For mulch accumulation — removal and reset. If the clearance has been lost because of mulch buildup over years, the correction is to remove the accumulated old mulch back to the original grade level, reestablish the 12-inch clearance measurement, and then replace with fresh mulch at an appropriate depth — two to three inches, no more, applied over a cleared base rather than on top of old material. When the old mulch is removed, take the opportunity to check the foundation surface in that area. Surface staining, soft material, or any organic growth on the foundation face indicates moisture contact that has been ongoing long enough to have an effect.

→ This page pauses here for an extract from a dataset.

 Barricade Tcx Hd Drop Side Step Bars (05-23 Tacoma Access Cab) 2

If anything structural is visible, a foundation inspection is worth having before reapplying mulch.
For grade elevation from soil settlement or frost heave — regrading. When the soil level has risen to the point where the clearance is compromised, the fix is physical regrading — removing soil from the perimeter to drop the finished grade back to the required clearance, then ensuring the grade slopes away from the foundation at roughly 6 inches per 10 feet of horizontal distance (the standard drainage grade recommendation). On properties with clay-heavy soil — where this problem is most common because of frost heave — the regraded zone should be backfilled with slightly coarser material than the surrounding soil if possible, to improve drainage away from the foundation rather than retaining moisture against it.

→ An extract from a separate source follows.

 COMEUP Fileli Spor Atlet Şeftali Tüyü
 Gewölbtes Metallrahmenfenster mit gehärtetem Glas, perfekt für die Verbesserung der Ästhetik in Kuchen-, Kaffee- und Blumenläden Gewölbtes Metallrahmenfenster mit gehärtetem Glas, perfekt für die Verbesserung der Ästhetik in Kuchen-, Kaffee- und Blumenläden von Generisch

After regrading, the area can be seeded or sodded back to the appropriate grade. The connection between proper grade and sod installation is something I covered in the article on buying sod in Sudbury — the soil preparation requirements before sod installation include establishing the correct grade, and foundation clearance is part of that grade assessment on any property where sod will run close to the building perimeter.
For shrubs and perennials at the foundation — selective removal or relocation. If the clearance problem is being caused or maintained by established plantings directly against the foundation, the correction involves either removing those plants or relocating them to a position that maintains the clearance. I understand this feels drastic when the plants are established and the homeowner values them. But a mature shrub planted against the foundation isn’t protecting the foundation — it’s holding a moisture problem in place while making it harder to monitor what’s happening to the foundation underneath it.
If the plants are valuable and worth keeping, relocating them two to three feet away from the foundation and replacing the cleared perimeter with a properly graded and maintained mulch bed — at the correct depth and clearance — achieves the landscaping intent without the foundation contact. If the plants are removed and the foundation is exposed, inspect the foundation face in that area carefully before replanting anything. Surface damage or staining that was hidden by the plantings may need professional assessment before the perimeter is re-landscaped.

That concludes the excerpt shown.